• _TASK STATEMENT_
Using the records below, repeat exactly the lines from the one holding "CHARM NECKLACE-CHRISTMAS TREE" through the one holding "Bague Art Déco", both ends included, and no others.

SUPPLIED RECORDS START

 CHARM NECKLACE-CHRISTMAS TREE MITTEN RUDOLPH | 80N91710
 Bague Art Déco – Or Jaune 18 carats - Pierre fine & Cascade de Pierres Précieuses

SUPPLIED RECORDS END
SUPPLIED RECORDS START

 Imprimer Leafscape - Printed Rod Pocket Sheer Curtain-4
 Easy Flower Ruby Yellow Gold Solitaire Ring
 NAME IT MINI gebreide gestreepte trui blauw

SUPPLIED RECORDS END

• _ANSWER TO THE PROBLEM_
 CHARM NECKLACE-CHRISTMAS TREE MITTEN RUDOLPH | 80N91710
 Bague Art Déco – Or Jaune 18 carats - Pierre fine & Cascade de Pierres Précieuses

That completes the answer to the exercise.